Ranking Member David Scott Opening Statement at Foreign Influence on U.S. Agriculture Hearing

House Agriculture Committee Ranking Member David Scott today delivered the following statement at a full Committee hearing regarding concerns over foreign influence on American agriculture. Watch the full hearing here.

[As prepared for delivery]

The purpose of today’s hearing is to discuss the influence that China has on American agriculture. Unfortunately, some of the rhetoric surrounding this topic may derail us from tackling the real issues at hand and may contribute to violence against Asian Americans. I want all Americans to know that we on the Agriculture Committee condemn all bigotry, including race-motivated threats and acts of violence. This is about agricultural policy, not people policy.

I also want us to keep in mind that China is an important trading partner to the U.S. We need a thorough and policy-heavy conversation so we can help American farmers and our agricultural system navigate this issue. I hope everyone here today will engage in a serious and fact-based conversation and avoid fearmongering and alarmism.

Though I’m told that this isn’t the topic of this hearing, I am also pleased that the recently enacted Agriculture Appropriations bill will help USDA update its outdated system of tracking foreign agricultural land ownership.

If we are going to have a serious discussion about foreign influence on American agriculture, we must remember that China is our largest trade partner, accounting for $33.7 billion in US agricultural exports last fiscal year. American farmers are the most efficient and productive in the world, and because of this, we produce far more than we can consume. My colleagues will often note that we are in an agricultural trade deficit, and I am here to tell you that alienating our trade partners will only deepen that deficit.

American farmers need large markets to export their products, and when those markets are lost, it harms our farmers.

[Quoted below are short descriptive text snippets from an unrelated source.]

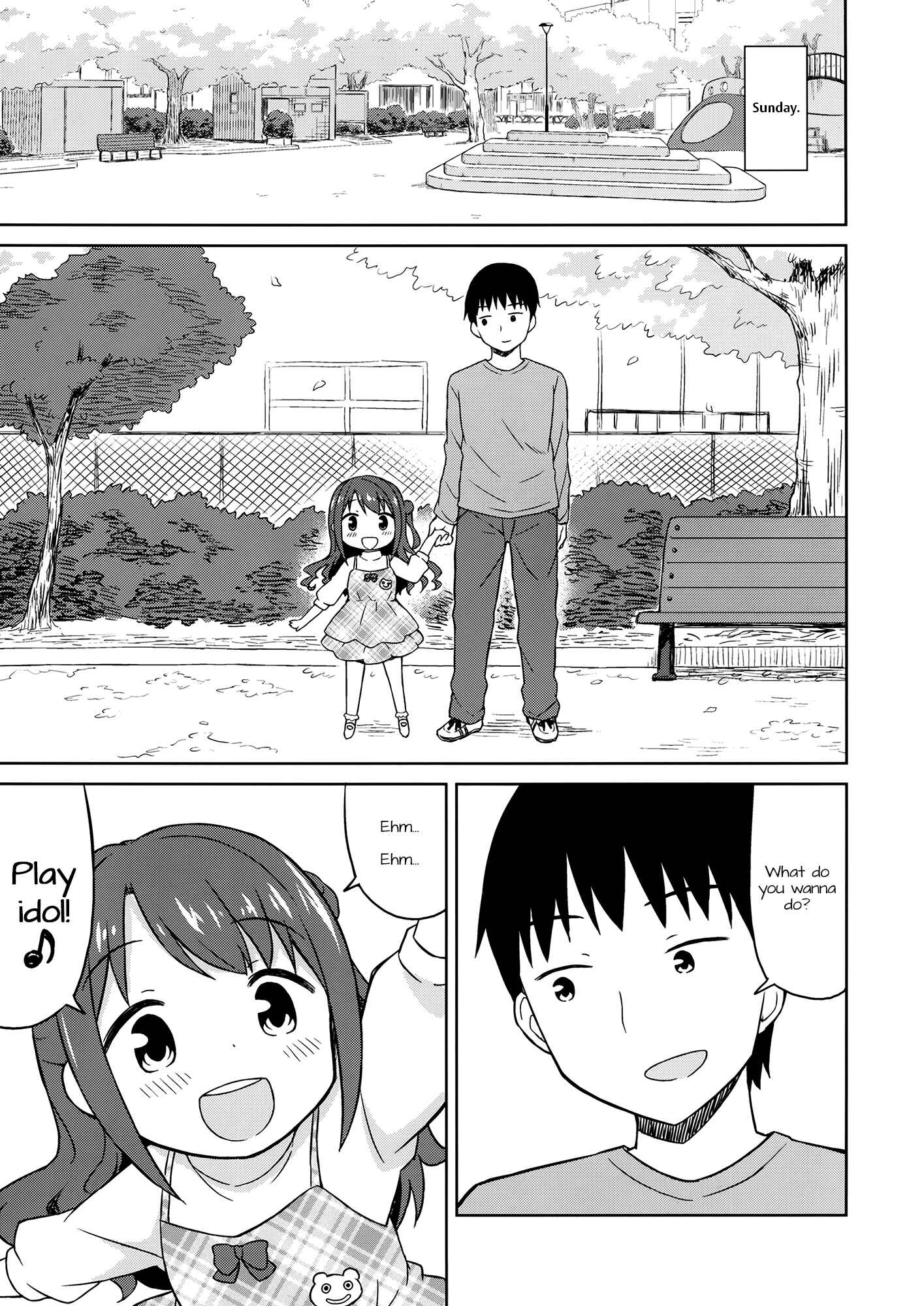 Page 10 Chapter Unknown_56d0 THE iDOLM@STER CINDERELLA GIRLS - Uzuki to Issho (Doujinshi)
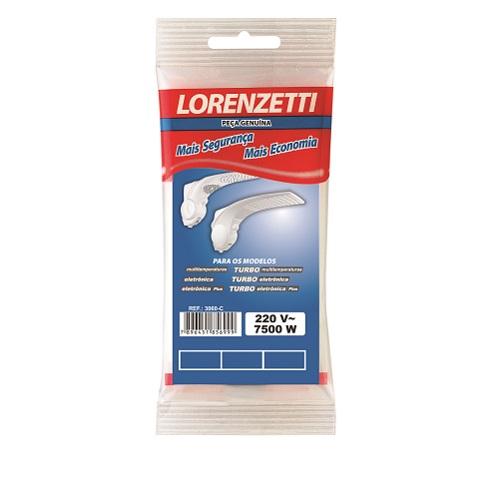 LORENZETTI RESIST.DUO SHOWER 220V 7500W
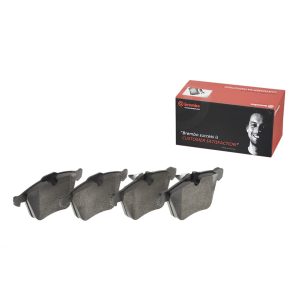 Brembo Brake Pad, Fmsi Number D1240-8357, Low-Metallic, Set of 4 – P36027
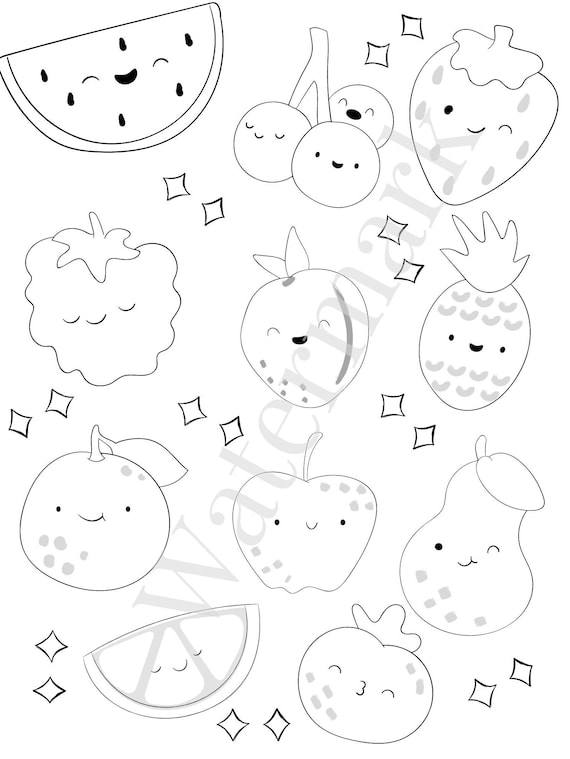 199+ Food Coloring Pages for Adult 134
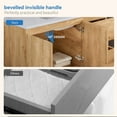 thumbnail image 5 of KZElegy 36" Floating Bathroom Vanity with Sink, Double Drawers and Doors,36in Wall Mounted Bathroom Storage Cabinet with Undermount Ceramic Sink, 5 of 9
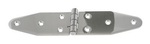 Zsanér 180x40mm, rozsdamentes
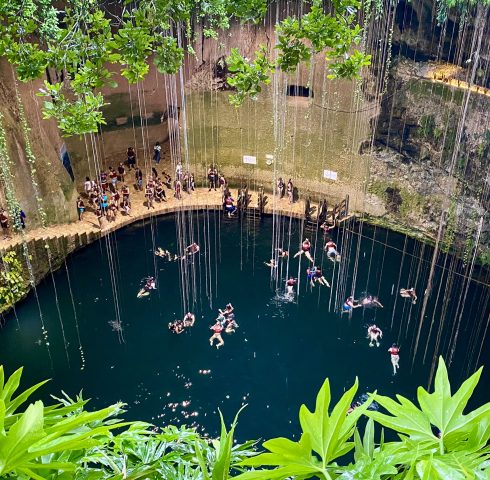 Cenote Ik Kil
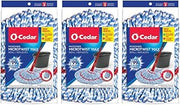 O-Cedar MicroTwist Microfiber Twist Mop Refill (Pack of 3)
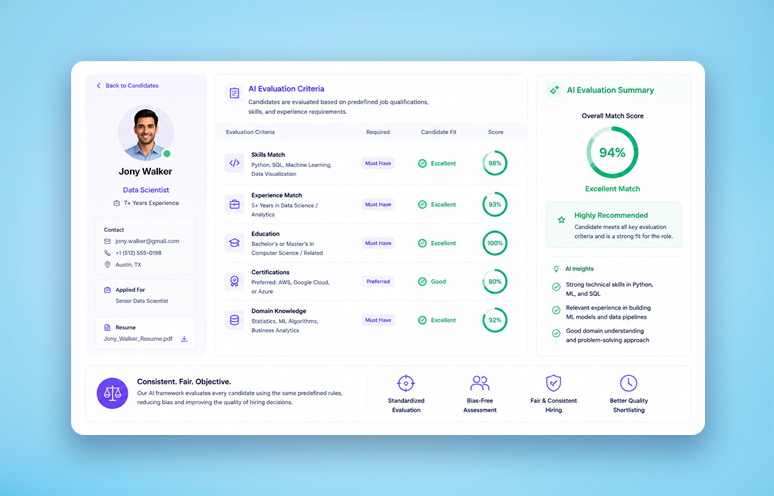 Recruitment firm accelerated hiring by 30% with Gen AI-powered candidate screening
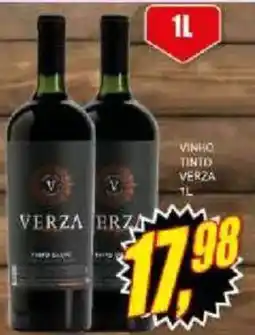Vianense Supermercados Vinho tinto verza oferta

We saw the implications of this when the Trump Administration started a trade war with China, creating chaos and undermining markets for American farmers.

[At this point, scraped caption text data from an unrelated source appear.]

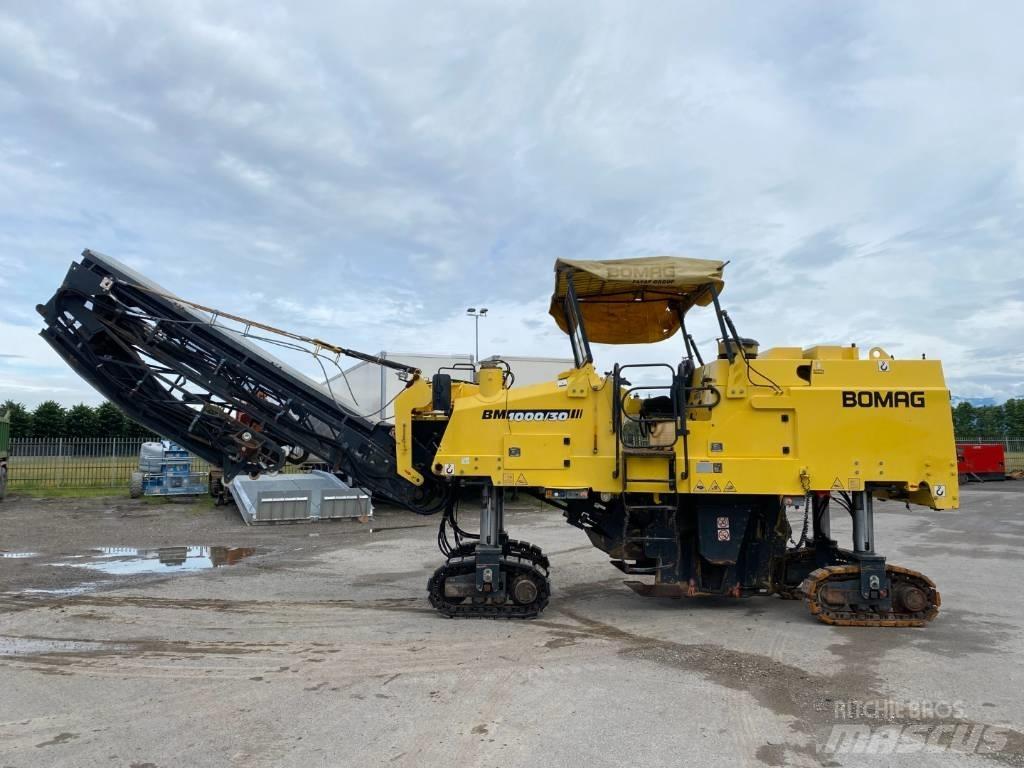 Bomag BM 1000/30 아스팔트 콜드 밀링 기계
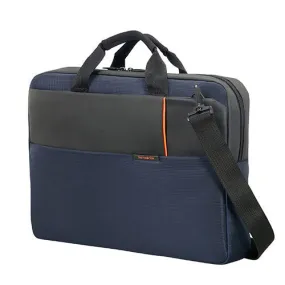 Samsonite Qibyte laptop tas schoudertas model, geschikt tot 17.3 inch scherm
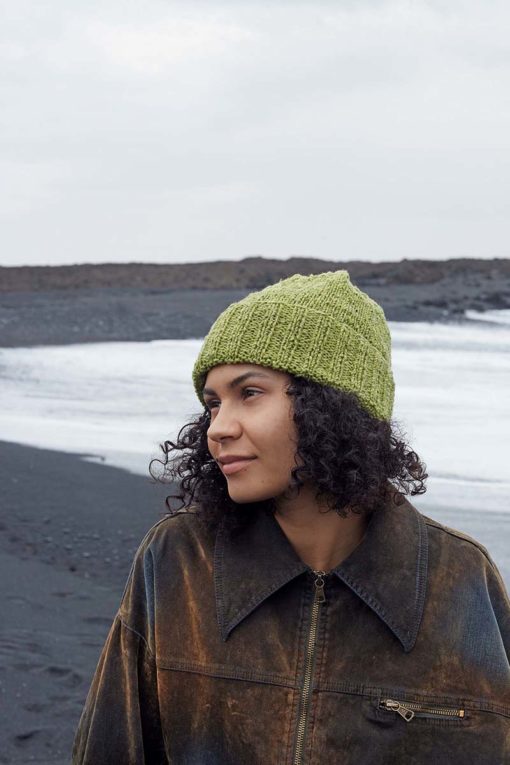 Strickset Mütze Aus Donegal Tweed+ Von Lang Yarns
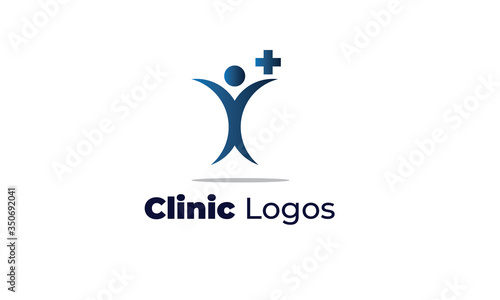 clinic logos can also for clinic logos, medical logo, eye specialist clinic, health care, dental clinic, beauty clinic, drugstore, pharmacy, Nutritionists, Nurses, midwife 
designed with a modern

Since the trade war shut American farmers out of China, Brazilian farmers have filled the gap, increasing their exports to China as US market share decreased.

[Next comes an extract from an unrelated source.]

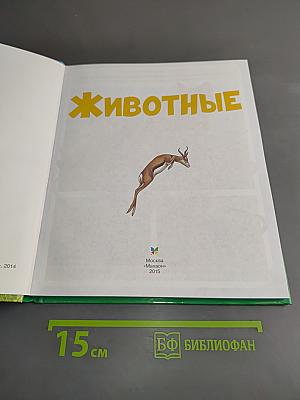Животные. Твоя первая энциклопедия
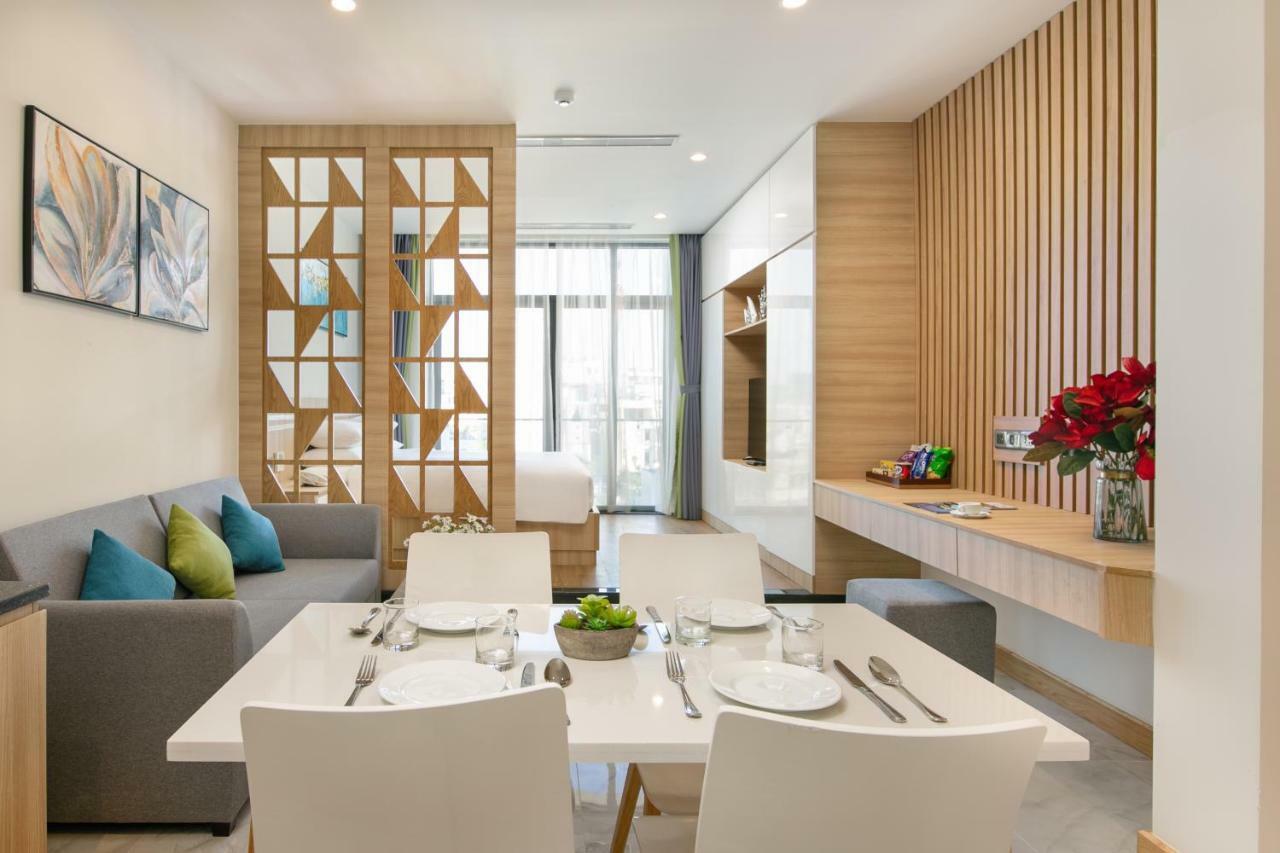 Sun River Hotel & Apartment Da Nang Exterior photo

Now Trump is calling for a 60 percent tariff on all Chinese goods. This would have drastic impacts on American agricultural production, increase costs for consumers, and would almost certainly lead to devastating retaliatory tariffs placed on US agricultural exports.

I think it is fair to think that the US being so dependent upon a single export market — which is also a strategic competitor — poses a risk for American farmers. One way that we can address that concern is to expand trade in existing markets and open new markets.

I continue to support increasing the Market Access Program and Foreign Market Development Program in the farm bill, and I believe that new trade deals are critical for American agriculture.

However, there are many places where I am critical of the Chinese government. The theft of seeds and other agricultural technology is highly concerning and continues to be a problem. Market distortion through domestic price support programs and ignoring WTO decisions hinders access and creates an uneven playing field for US farmers. I also remain highly critical of any foreign government seeking to buy American land near essential intelligence or military installations. We must protect our national security interests.

I look forward to hearing from our witnesses today and coming out of this hearing with an improved understanding of our relationship with China and how we can work to protect American agricultural interests.I yield back.